What to do: Of the lines below, write out exactly those from the line with "Original Artwork, Watercolor" through the line with "Swan Mute oiseau", both included, and skip the rest.

Entries provided:
§

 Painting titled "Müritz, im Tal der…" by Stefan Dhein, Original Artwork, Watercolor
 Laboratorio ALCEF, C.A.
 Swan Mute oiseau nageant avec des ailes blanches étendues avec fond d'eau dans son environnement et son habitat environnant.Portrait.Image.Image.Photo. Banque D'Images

§

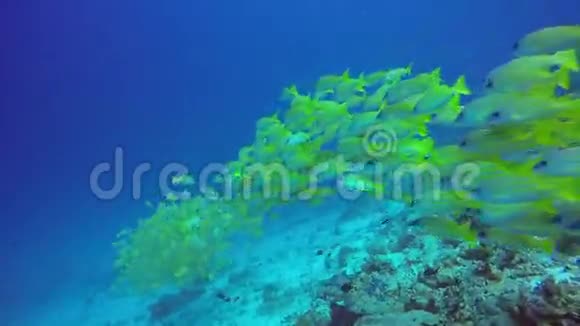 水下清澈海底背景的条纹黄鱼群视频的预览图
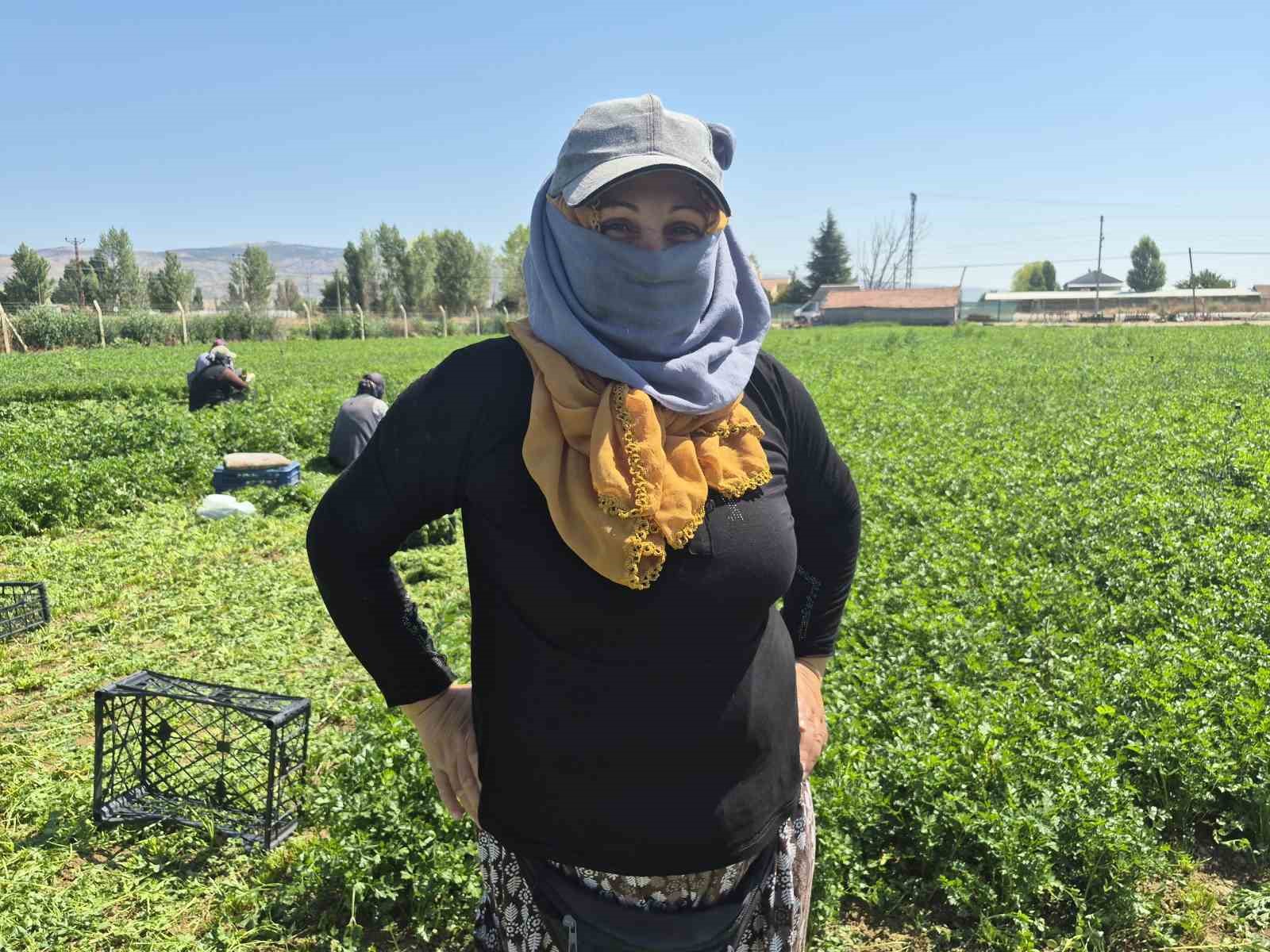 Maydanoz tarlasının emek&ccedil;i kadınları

§

Solution to the problem:
 Painting titled "Müritz, im Tal der…" by Stefan Dhein, Original Artwork, Watercolor
 Laboratorio ALCEF, C.A.
 Swan Mute oiseau nageant avec des ailes blanches étendues avec fond d'eau dans son environnement et son habitat environnant.Portrait.Image.Image.Photo. Banque D'Images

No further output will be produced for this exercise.